Le samedi 16 avril, avant-veille de la foire, le recteur de Berné se décida à aller chercher lui-même le drapeau à Bonigeard et le rendit à ses conscrits en leur prêchant le calme. Les conscrits de Meslan ne furent pas contents parce que Berné leur avait pris aussi un chapeau qui n’était pas rendu. Le maire de Meslan prêcha le calme mais pour plus de sûreté demanda la présence de quatre gendarmes à la foire. De fait, jusqu’à 5h45 du soir le foire resta calme. Les conscrits des deux communes fraternisèrent même. A cette heure, les conscrits de Meslan faisaient le tour de la chapelle Saint Patern en chantant. Passant devant l’auberge d’Evenno (ou Evenou), débitant de Meslan, une table fut heurtée et la chope d’un nommé Le Bars, marchand de gâteaux à Plouay, fut renversée. Le Bars, furieux, prit la chope et la lança sur les conscrits. Ce fut un nommé Faramin qui fut atteint. Les conscrits, après quelques, pas, revinrent demander raison à Le Bars de son agression. C’est Evenno qui discutait avec lui et même à un moment il sauta en l’air avec son chapeau à la main. Il ne semble pas ressortir de l’enquête que Evenno ait frappé.
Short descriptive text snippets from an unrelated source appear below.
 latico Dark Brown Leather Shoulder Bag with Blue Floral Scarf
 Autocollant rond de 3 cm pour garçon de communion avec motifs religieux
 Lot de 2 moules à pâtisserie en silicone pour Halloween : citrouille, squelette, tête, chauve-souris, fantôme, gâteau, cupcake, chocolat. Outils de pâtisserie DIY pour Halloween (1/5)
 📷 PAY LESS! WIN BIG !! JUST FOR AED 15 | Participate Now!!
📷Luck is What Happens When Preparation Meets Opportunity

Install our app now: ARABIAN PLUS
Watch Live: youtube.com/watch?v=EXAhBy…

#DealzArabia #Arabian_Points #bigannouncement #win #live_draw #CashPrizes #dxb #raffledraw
Mais à ce moment arrivaient les quatre gendarmes appelés par on ne sait qui. Le maréchal des logis se précipite sur Evenno et lui demande son nom. Evenno refuse de le donner ; les gendarmes veulent le conduire à la mairie. Croyant à une arrestation Evenno se débat et résiste ; on lui passe les menottes. La foule prend parti pour Evenno et lui crie : "Ne donne point ton nom". Plusieurs personnes s’adressant aux gendarmes leur crient : "Pourquoi l’arrêtez vous ? Il n’a rien fait.". Les gendarmes ne veulent rien entendre et se mettent en marche entraînant le prisonnier vers la maison commune. Le maréchal des logis et le gendarme Le Roll maintiennent Evenno ; en arrière les deux autres gendarmes empêchent la foule d’approcher.
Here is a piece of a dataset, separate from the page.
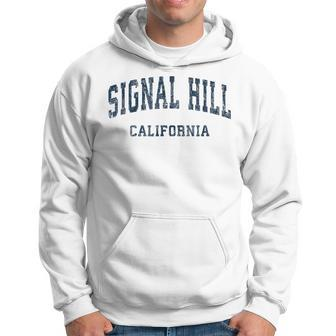 Signal Hill California Ca Vintage Varsity Sports Navy Hoodie | Mazezy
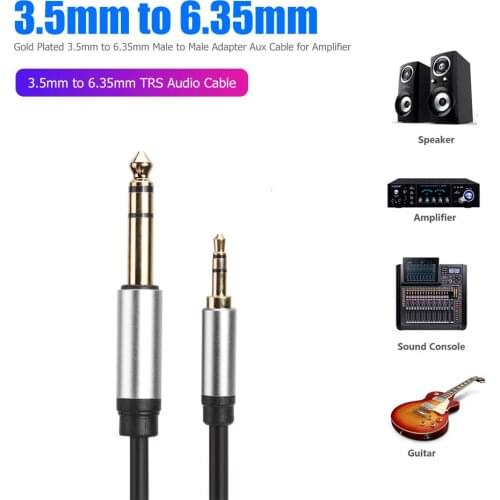Gold Plated 3.5mm to 6.35mm Male to Male Adapter Aux Cable for Amplifier Gold Plated 3.5 Jack to 6.5 Jack 0.5m 3m 5m Aux Cabo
Mais bientôt une grêle de pierres s’abat sur les gendarmes. Les deux qui se trouvaient à l’arrière sont séparés du gros du groupe. Le maréchal des logis les rappelle mais trop tard, il était séparé de tout soutien. C’est alors que les gendarmes sortent leurs revolvers et en tirent plusieurs coups à balle. A ce moment une pierre vient atteindre le gendarme Le Roll à la tête. Evenno qui avait été atteint de plusieurs coups de pierre dans le dos se dégage des mains du maréchal des logis et ayant rompu ses menottes se sauve dans la direction du village de Saint Yzaouen. A la première décharge des revolvers des gendarmes, le nommé Cario, de Priziac, âgé de 26 ans, buvant à l’auberge Rousseau, est atteint d’une balle qui le frappe à la nuque et ressort par l’œil, une autre personne, le nommé Le Moing, de Bodaval, recevait à près de cinq cents mètres plus loin une balle dans l’abdomen.
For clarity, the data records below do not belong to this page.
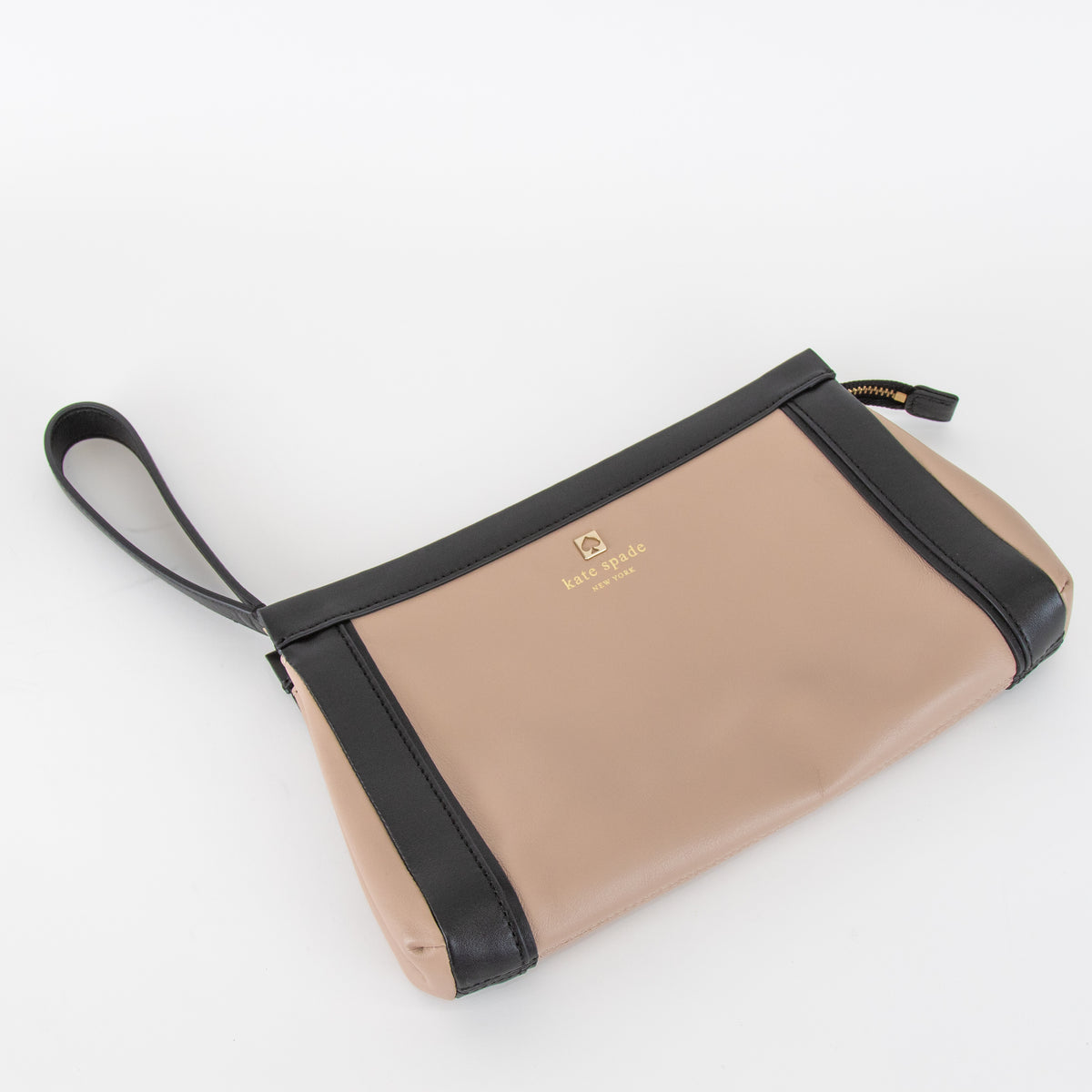 Kate Spade Tan Black Trim Clutch Bag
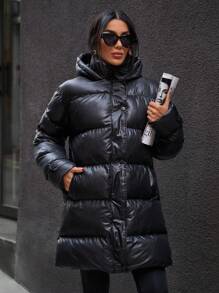EURMUSE Keep Warming Feature, Long Line Puffer Winter Coat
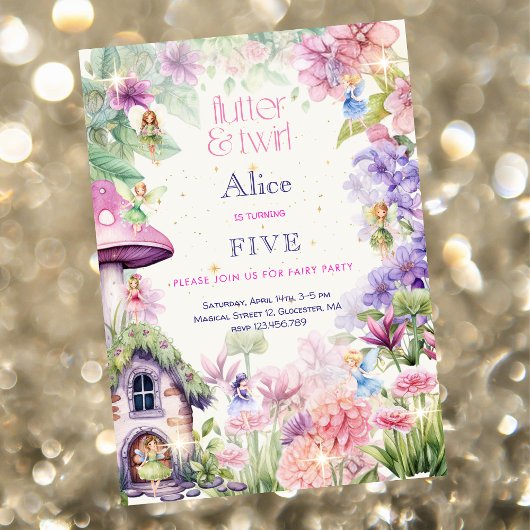フラッタと回転妖精の庭の水色の誕生日 招待状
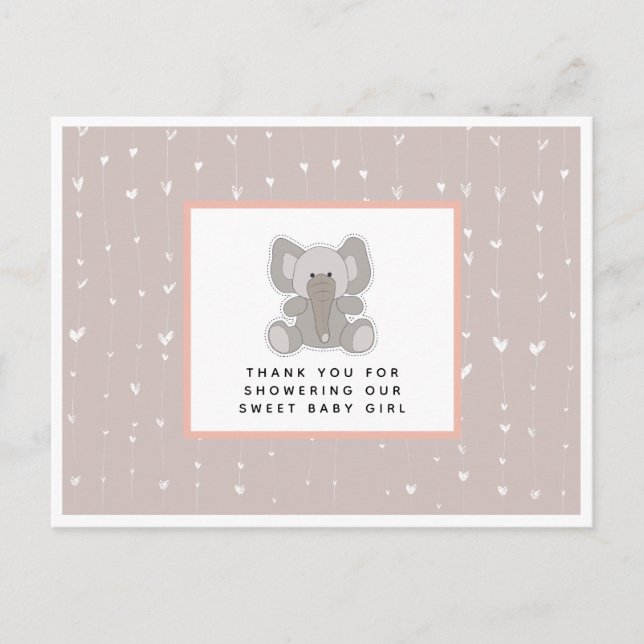 Carte Postale Baby Elephant cordes Coeurs Baby shower Merci (Devant)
A ce moment la foule s’ameute contre les gendarmes et se met à leur chasse. La poursuite de gendarmes fut effrayante. Toutes les personnes qui restaient à la foire sans exception se lancèrent après eux à coups de pierre. Le maréchal des logis fuyant plié en deux fut le plus atteint. Les coups de revolvers continuent ; vingt-trois ou vingt-quatre ont été tirés en tout. La poursuite s’arrête sur la route où les gendarmes réquisitionnent des voitures pour rentrer au Faouët.

Aujourd’hui le maréchal des logis reste alité. Nouveau venu, il s’était montré implacable vis-à-vis des habitants qui ne l’aimaient pas. Les sommations ont-elles été faites ? Je le crois. La chose qu’on peut lui reprocher c’est d’avoir montré vis-à-vis d’Evenno un manque d’adresse pour obtenir son nom. Il ne faut pas oublier que Evenno était champion de Meslan ; mais il semble que dans tout ceci il a été parfaitement innocent.

Le capitaine de Pontivy, venu le lendemain, se montrait lui d’une sévérité exagérée vis-à-vis des autres gendarmes qui arrivés dans la nuit n’étaient pour rien dans ce qui venait de se passer."